## How to complete this task
Only one stretch of the data below is needed: the line with "3 Bedroom Nice Home In Naglici" through the last line. Output it exactly and drop the pictures.

## Source material
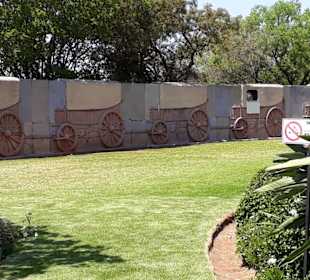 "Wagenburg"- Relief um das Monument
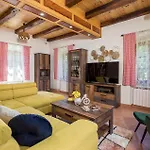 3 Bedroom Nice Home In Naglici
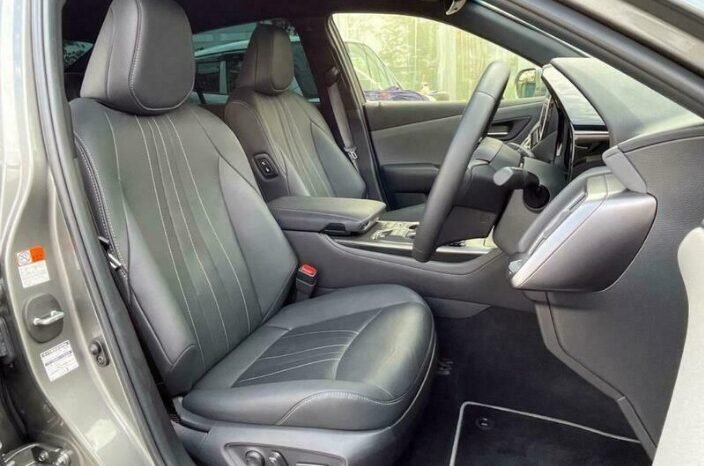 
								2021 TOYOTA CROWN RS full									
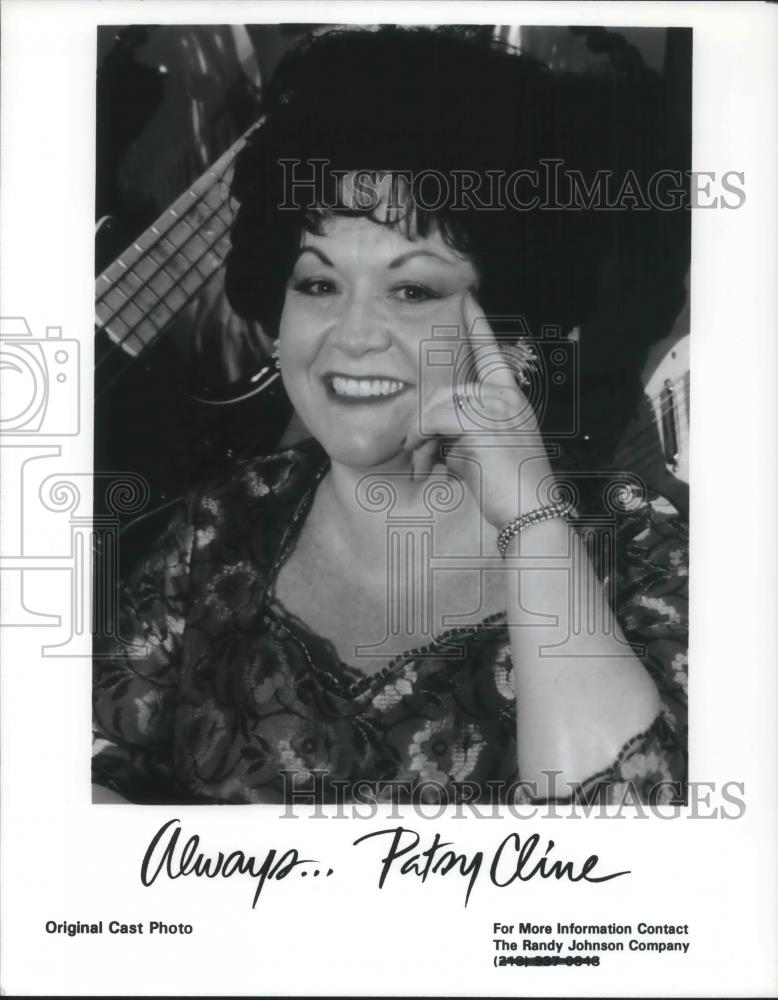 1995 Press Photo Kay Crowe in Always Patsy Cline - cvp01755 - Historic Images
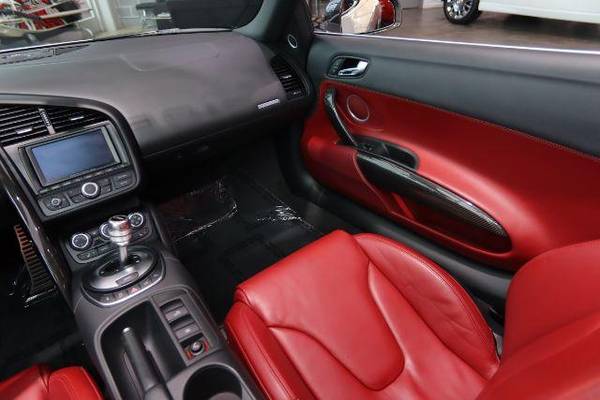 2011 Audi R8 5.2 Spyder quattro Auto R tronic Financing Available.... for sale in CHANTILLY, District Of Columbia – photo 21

## Exercise result
 3 Bedroom Nice Home In Naglici
								2021 TOYOTA CROWN RS full									
 1995 Press Photo Kay Crowe in Always Patsy Cline - cvp01755 - Historic Images
 2011 Audi R8 5.2 Spyder quattro Auto R tronic Financing Available.... for sale in CHANTILLY, District Of Columbia – photo 21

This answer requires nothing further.